Hyperfoil / Horreum

Benchmark results repository service
https://horreum.hyperfoil.io/
Apache License 2.0
34 stars 30 forks source link

Broker test failures #1608

Closed johnaohara closed 3 months ago

johnaohara commented 4 months ago

Describe the bug

In some environments the test suites fails with the following errors:

[ERROR] Failures: 
[ERROR]   AlertingServiceTest.testLabelsChange:710 expected: not <null>
[ERROR]   DatasetServiceTest.testDatasetLabelChanged:188->withExampleSchemas:365->lambda$testDatasetLabelChanged$47:194->BaseServiceTest.withExampleDataset:597->lambda$testDatasetLabelChanged$46:205->waitForUpdate:396 expected: not <null>
[ERROR]   DatasetServiceTest.testSchemaAfterData:257 expected: not <null>
[ERROR]   SchemaServiceTest.testValidateRun:87 expected: not <null>

This is caused by messages that should be processed by the AMQ broker not being emitted to the broker, so the subsequent async processing is not happening during the test(s).

This does not happen in all environments, CI appears to be unaffected, so does Mac with M2 hardware. However F39 on x86_64 appears to be affected.

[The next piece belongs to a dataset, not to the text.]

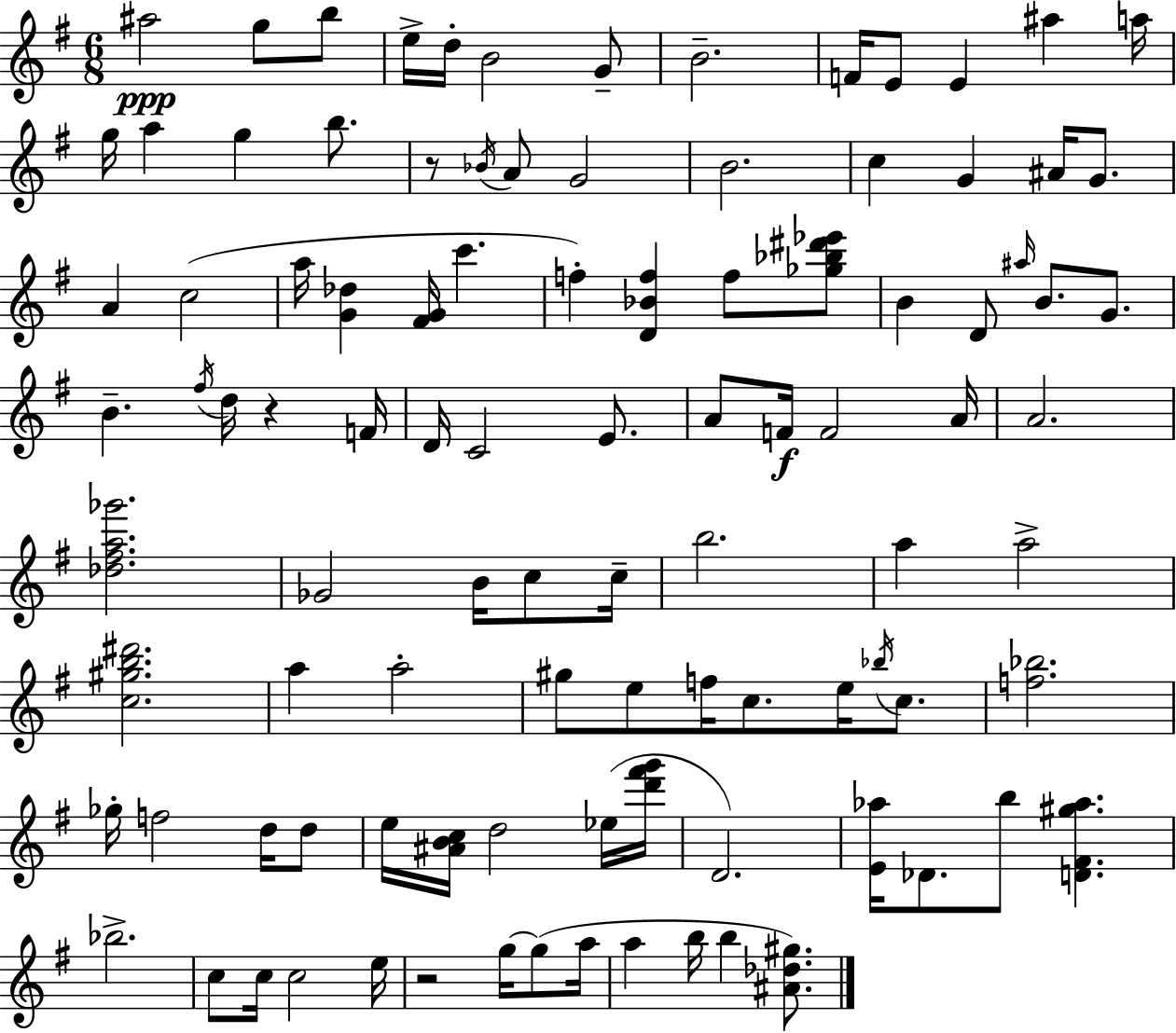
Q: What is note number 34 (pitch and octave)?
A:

johnaohara commented 4 months ago

I have opened an issue in quarkus project: https://github.com/quarkusio/quarkus/issues/40118

lampajr commented 4 months ago

I think it is happening from time to time on our CI as well (in all cases, simply retriggering the job was enough), it looks like the same issue I reported https://github.com/Hyperfoil/Horreum/issues/1557 (will close that to avoid duplication)

johnaohara commented 4 months ago

I searched for existing issues, but missed #1557 , sorry for the noise

lampajr commented 4 months ago

I searched for existing issues, but missed #1557 , sorry for the noise

No worries at all, I did not have time to check what could have been the root cause so thanks a lot for doing that as it seems you already the possible culprit :pray:

willr3 commented 4 months ago

Adding to this as I saw additional intermittent failures when running tests on CI

Error:  Failures: 
Error:    SchemaServiceTest.testCreateSchemaAfterRunWithArrayData:307->lambda$testCreateSchemaAfterRunWithArrayData$5:308->lambda$testCreateSchemaAfterRunWithArrayData$4:312 expected: <2> but was: <0>
Error:    SchemaServiceTest.testCreateSchemaAfterRunWithMultipleSchemas:342->lambda$testCreateSchemaAfterRunWithMultipleSchemas$7:343->lambda$testCreateSchemaAfterRunWithMultipleSchemas$6:347 expected: <1> but was: <0>
Error:    SchemaServiceTest.testCreateSchemaAfterRunWithObjectData:376->lambda$testCreateSchemaAfterRunWithObjectData$9:377->lambda$testCreateSchemaAfterRunWithObjectData$8:381 expected: <1> but was: <0>
Error:    SchemaServiceTest.testValidateRun:91 expected: not <null>
[INFO] 
Error:  Tests run: 132, Failures: 4, Errors: 0, Skipped: 0
johnaohara commented 3 months ago

The root cause of these failing tests is due to the broker not having sufficient resources, and applying back-pressure to the tests, see: https://github.com/quarkusio/quarkus/issues/40118#issuecomment-2117821729

We need to ensure that the CI system has sufficient resources for the broker to function, or fail the test if the env does not meet minimum requirements.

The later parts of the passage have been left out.